Captioned web images
----------------

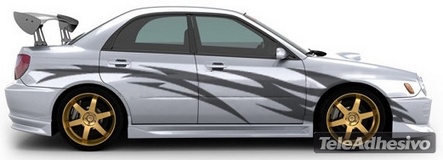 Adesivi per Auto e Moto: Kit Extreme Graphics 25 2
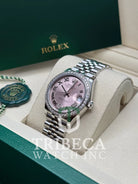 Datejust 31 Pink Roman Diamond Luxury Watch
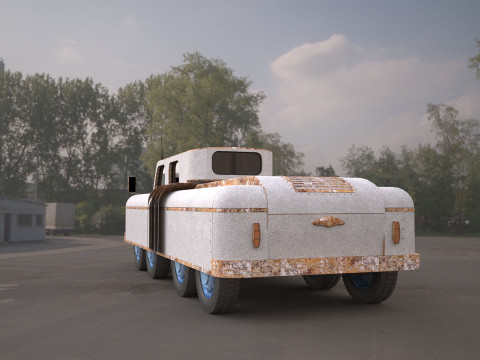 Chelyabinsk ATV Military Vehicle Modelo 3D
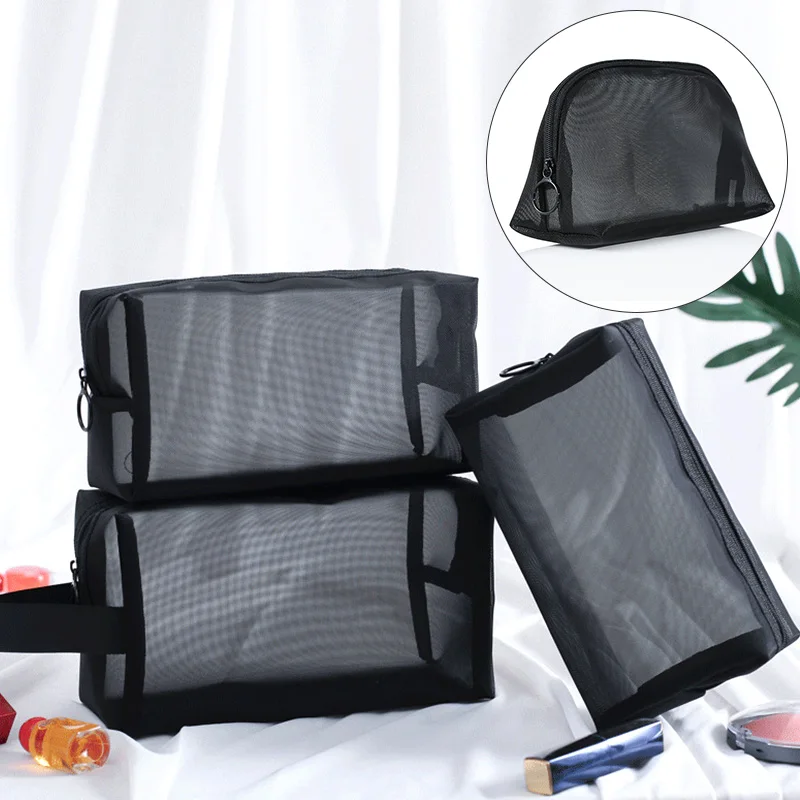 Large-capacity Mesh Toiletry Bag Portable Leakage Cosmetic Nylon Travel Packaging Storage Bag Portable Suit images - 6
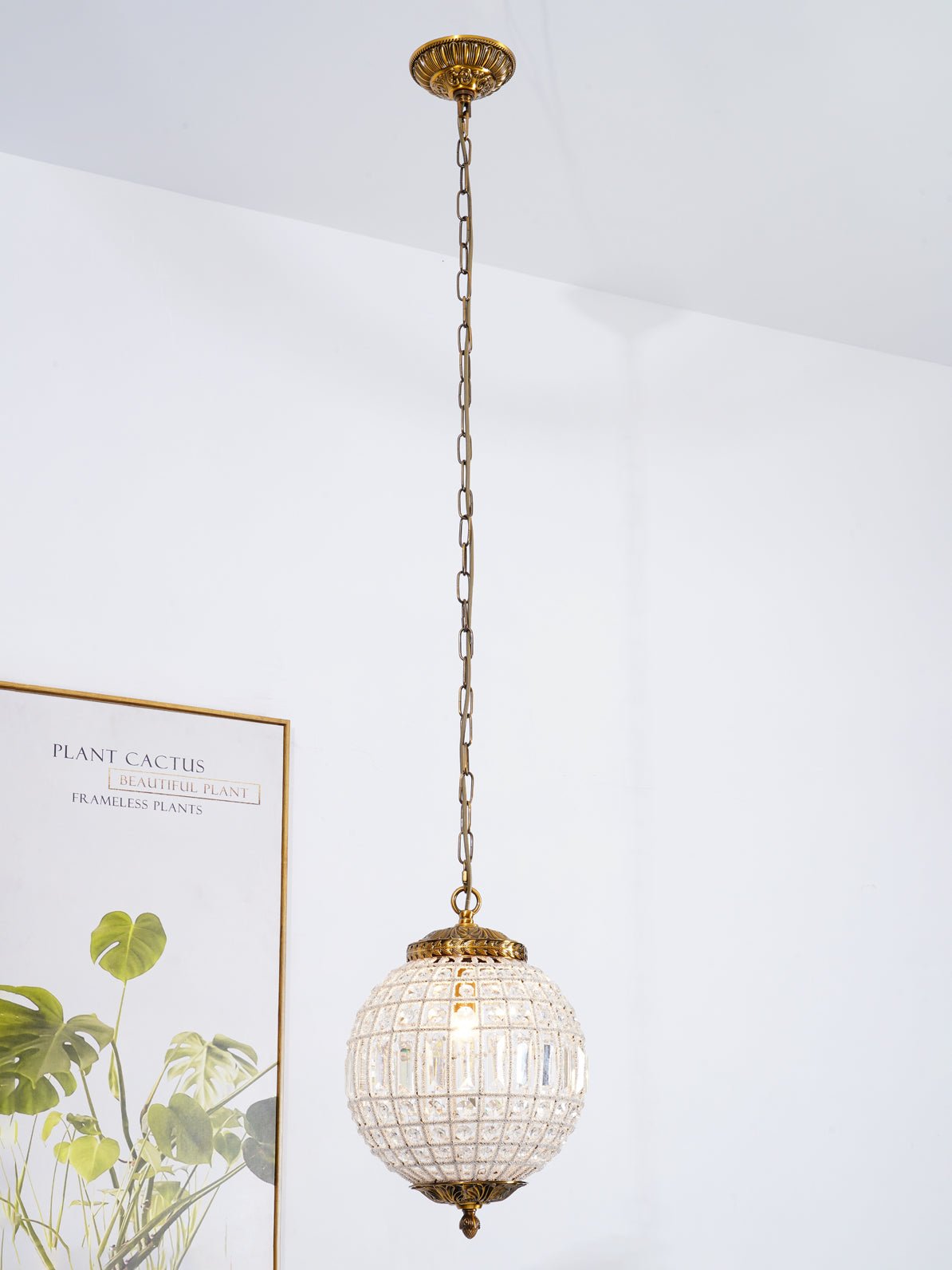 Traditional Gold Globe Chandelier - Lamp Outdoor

----------------

Since the pictures don't belong in the copy, copy only the rest of the entries above exactly.

 Adesivi per Auto e Moto: Kit Extreme Graphics 25 2
 Datejust 31 Pink Roman Diamond Luxury Watch
 Chelyabinsk ATV Military Vehicle Modelo 3D
 Large-capacity Mesh Toiletry Bag Portable Leakage Cosmetic Nylon Travel Packaging Storage Bag Portable Suit images - 6
 Traditional Gold Globe Chandelier - Lamp Outdoor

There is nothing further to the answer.